Under the watchful eye of Buddy Scalera, the editors-in-chief for Dark Horse, IDW and Valiant gathered to advise writers and artists on how to break into the industry – offering an invaluable look at the comics industry from the editorial perspective. Scott Allie, Chris Ryall and Warren Simons are some of the sharpest people in comics: this was a great panel.
First off – apologies, this recap slipped the scheduled release time for some reason, so this is coming a fair while after NYCC finished! But it’s a timeless panel, focused on offering advice and perspective for people looking to get into comics.
The panel kicked off with an immediate discussion on the best ways for people to move into writing and drawing comics as a career. Ryall started by saying that he prefers to see small pitches rather than long documents – a concise pitch can be fleshed out later, but if the core of a project interests him, then that’s all he needs. Also remember that you should keep in mind the person or company you’re specifically pitching to, and whether it’s suitable.
Allie referred to the old advice of “write”. He said everybody has 300 bad pages in them. The trick is to work constantly so you can get those bad pages out the way sooner rather than later. Work constantly, and get all your work out there. He especially recommended that writers start with short stories, which the others agreed with. Ryall said that eight page stories are some of the hardest to write, and therefore great practise.
Regarding short stories, Simons said that anthologies were a great place to start. The major companies don’t need to have their characters fixed. While he was editing for Marvel, he didn’t need for an unknown writer to ‘fix’ Captain America. Rather, he would receive already published work from creators – he cited Matt Fraction as an example – and follow up on the people he knew could already get a project out there. “Publish or perish”. Editors don’t have much time, and it’s easier to read a completed work than a script.
All three editors advised against pitching at conventions. Rather, they recommended that creators use conventions as a way to network – to find and meet other writers or artists who might collaborate with you. Ryall said that a convention was a good chance to take an overview of a company, and evaluate which publishers would be the best fit for your specific work.

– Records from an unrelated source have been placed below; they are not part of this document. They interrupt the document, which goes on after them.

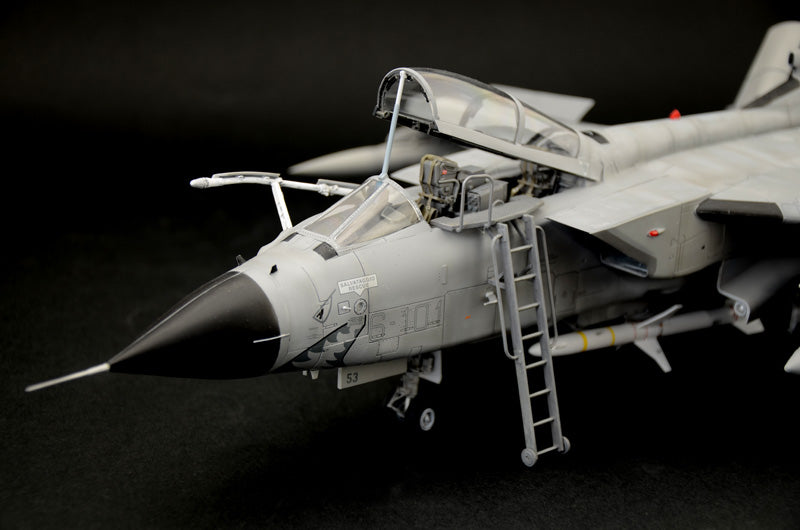 Italeri 2517 1/32 Panavia Tornado ECR Model Kit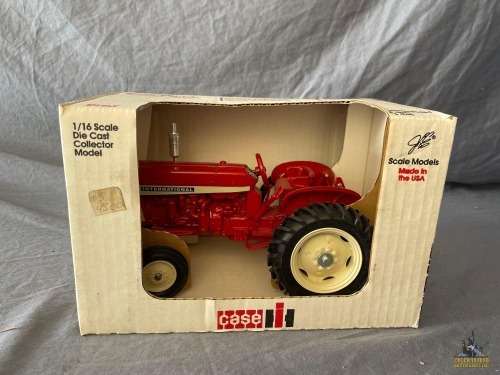 1/16 Scale Models International 606 Tractor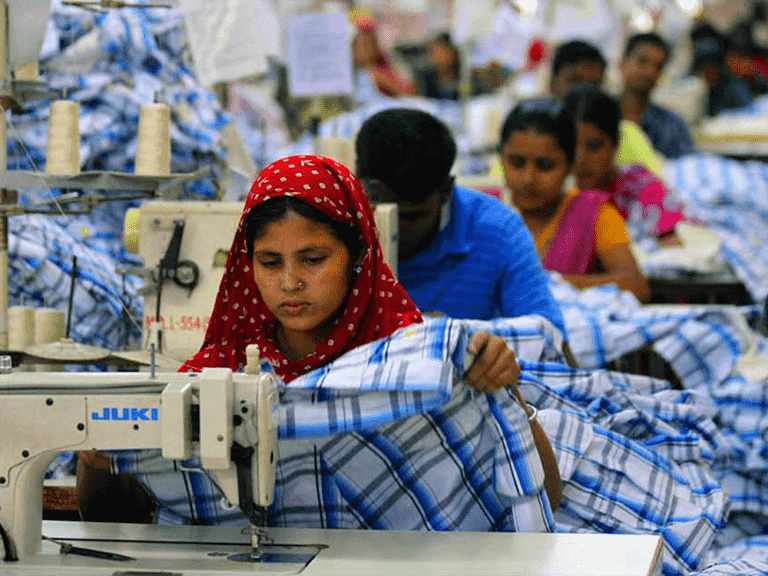 Les grandes marques de vêtements pressent les fournisseurs bangladais pour compenser l’inflation, selon une étude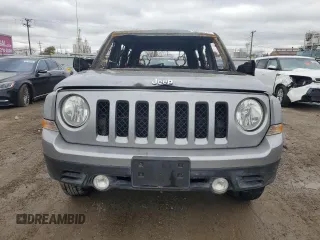 2017 Jeep Patriot Sport z VIN 1C4NJPBB3HD203690, wystawiony jako Copart lot #82044774 z przebiegiem Nie podano mil oraz Szkoda całkowita • Salvage title. Historia ofert i sprzedaży dostępna na DreamBid. Obrazek 5.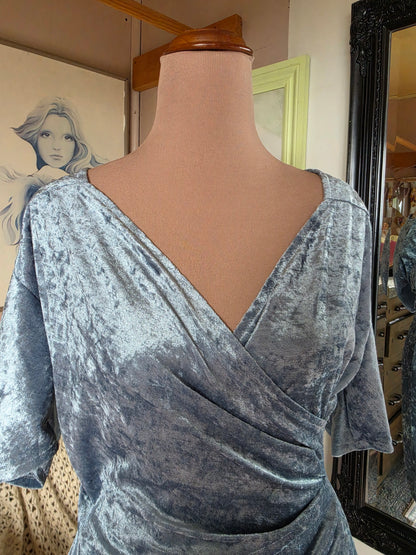 Vintage 1980s Seafoam Green Crushed Velvet Knee Length Wrap Dress - size 6-8
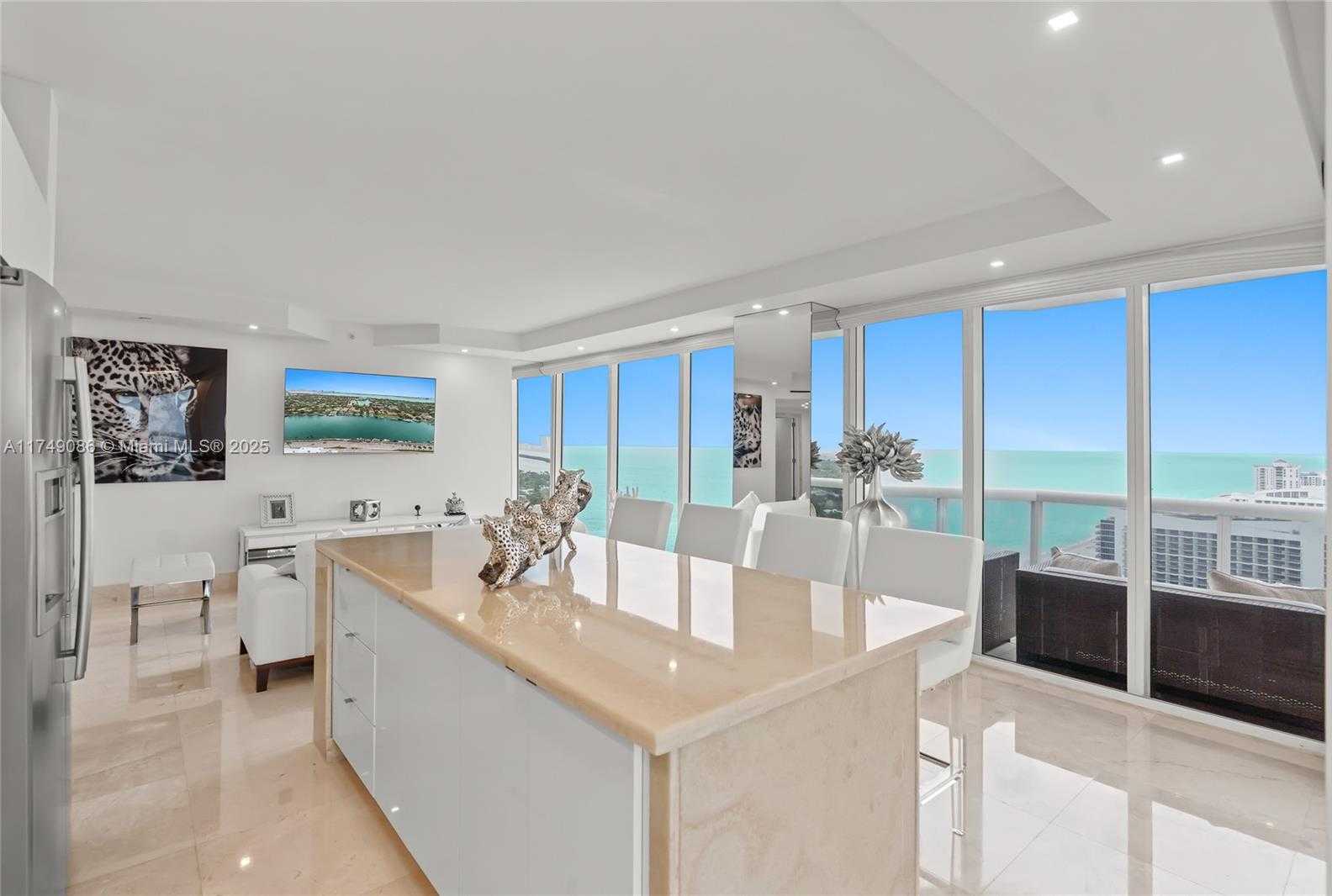 Small Image of 4775 COLLINS AVE #3505, Miami Beach Number 25
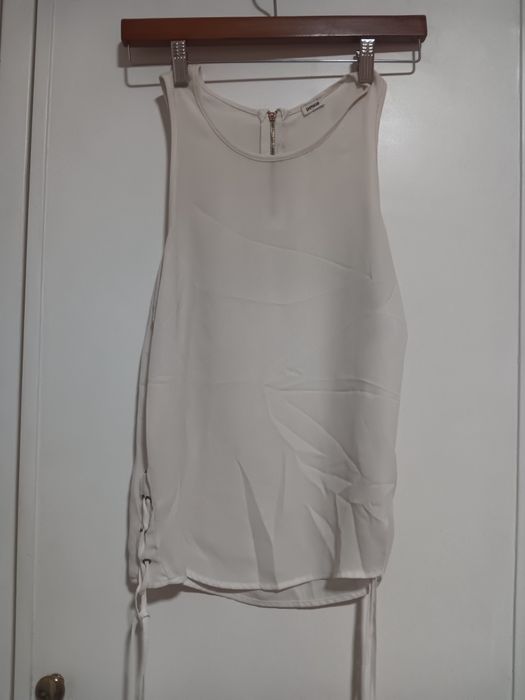 Top branco c/ detalhes laterais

Another result of networking at a convention is that you can take the time to prepare your work once you’ve met somebody who might be interested in it. Simons said that Clay Mann used to draw on all the art packages he sent to Marvel – which drew attention. Specificity was also encouraged. Editors in chief have very little time, and won’t be able to look at a range of work from different genres. By establishing which specific editors handle material like yours, you can focus in your pitching. Simons added that spamming – especially to a company like Valiant, where people are all in the same offices – doesn’t get you anywhere. If seventeen identical packages arrive, each of the seventeen editors will just assume that one of their colleagues will get to that pitch instead.
Scalera asked the editors about those who are asked to pitch – what are some of the bad practises that the editors have seen?
Allie said that one thing he had seen recently which he found distasteful was the number of writers who badmouthed their previous collaborators in pitches. If somebody is dismissing the work of people they worked with before, why should Allie believe that they won’t do the same of him? He said he’d turned down several pitches from good writers because of this.
Simons said that creators should show how agreeable and easy to work with they are. Be polite and accept criticism. The editors also agreed that productivity was important. If you come in with an art portfolio one year but don’t get hired, make sure you’ve done more work in the intervening year before you return. Don’t just have the same pages, redrawn or untouched. Allie advised artists to keep their newest stuff in the front of their portfolio, to show what your current work is like.
Be objective with your own work, and show it to other artists to get their opinion. Editors understand that artists should be improving over time.
Simons added that companies can schedule around slow artists – just so long as they know the artists will hit a deadline. If an artist takes two months to draw one issue, that’s fine – if there’s no knowing how long they’ll take to finish, then the company are in trouble.
Aspiring editors were given one piece of advice… run!
Ryall said editors should network with both writers and artists, offering themselves as proofreaders and editors to people. Allie said that he made comics and magazines back at college, and then took those publications to literary agencies, as proof he could get work done. He moved to self-publishing, and then got those comics into the hands of the people at Dark Horse. He recommended for aspiring freelance editors to ask companies about sending resumes, and to do so via email.
The panellists were asked about what happens when a deadline is missed, and Scalera mentioned the ripple effect this can cause. Simons spoke on the traditional idea of inventory issues – one-off issues which could be placed anywhere within a run, and were used when companies fell behind a deadline. Nowadays companies have replaced inventory issues with things like #0 issues of annuals, allowing the editors more breathing space should anything happen.
Ryall said that the importance of deadlines can vary somewhat. On a series like Transformers where there’s a standard style for the different characters, different artists can come on for various issues. However, he point-blank refused for anyone other than Gabriel Rodriguez to draw Locke & Key – he felt that he ‘needed’ Rodriguez on every single issue of that series, as he was an important and idiosyncratic part of the story.
If a ship does ship late, Allie noted, then there’s an immediate effect for the retailers, who will start ordering fewer issues of a series. Ryall said it was important for retailers to have faith in companies like IDW, as they offer something different for readers. In a market so dominated by superheroes, it was vital that companies keep the eye of readers and retailers. If they drop the ball for a moment, people will spring back to their default setting – superheroes.